Sriwijaya Post - Jumat, 26 Maret 2010 08:45 WIB
SELAMA berabad-abad, rakyat Besemah menjadi “penjaga” atau pengawal wilayah kesultanan dari ancaman yang berasal dari daerah perbatasan. Sikap ini pula yang menyebabkan Belanda kesulitan menaklukkan Palembang (baca: Sumatera Selatan) pasca-jatuhnya Kesultanan Palembang Darussalam, 1821. Besemah (Pagaralam, Empat Lawang, dan daerah sekitarnya) tercatat sebagai wilayah terakhir yang dikuasai Belanda, yaitu sekitar 1860-an.

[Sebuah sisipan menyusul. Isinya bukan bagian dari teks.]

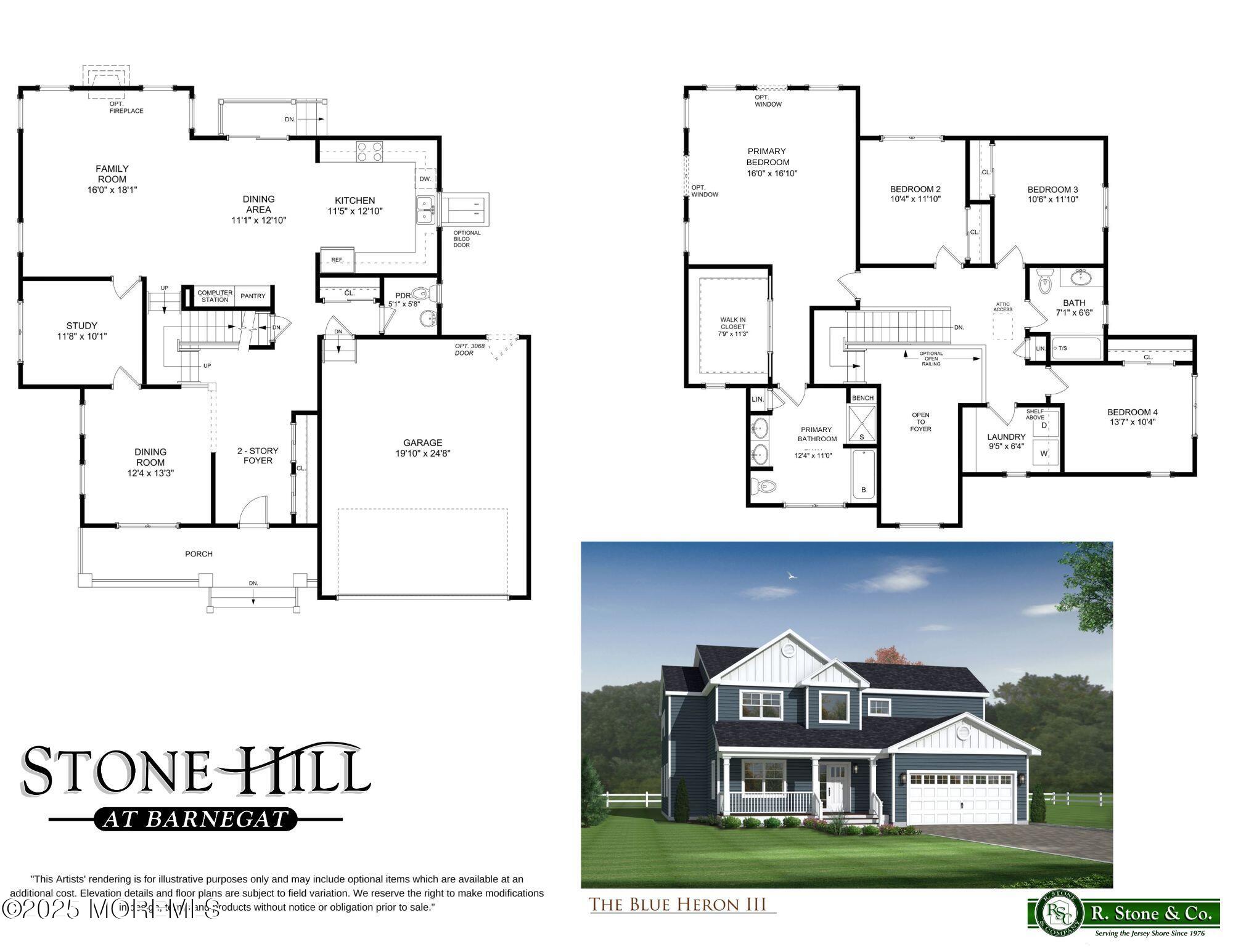 0 Trinity Court Barnegat NJ 08005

Belanda juga mengalami kesulitan untuk menangkap “pemberontak” dari Palembang yang melarikan diri ke Besemah. Hal ini disebabkan sifat Beganti “sifat dan sikap setia kawan” yang dipegang teguh oleh rakyat Besemah. Sebagai catatan, Kesultanan Palembang menempatkan Besemah sebagai Sindang. Dalam perspektif berbeda, rakyat Besemah memandang Palembang dalam hubungan kelawai-muanai atau ikatan persaudaraan lelaki-perempuan. Palembang dalam kaitan dengan Puyang Atung Bungsu merupakan saudara perempuan rakyat Besemah yang mesti dilindungi.

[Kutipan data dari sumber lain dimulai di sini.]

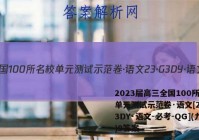 2023届高三全国100所名校单元测试示范卷·语文[23·G3DY·语文-必考-QG](九)9答案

Karakter yang terbentuk kolektif oleh sejarah itulah yang membuat rakyat Besemah memegang banyak prinsip baik dalam kehidupan. Apalagi, pesan baik biasanya dalam bentuk ujar-ujar itu dipandang sebagai pesan Puyang (leluhur) yang harus diterapkan dalam kehidupan sehari-hari.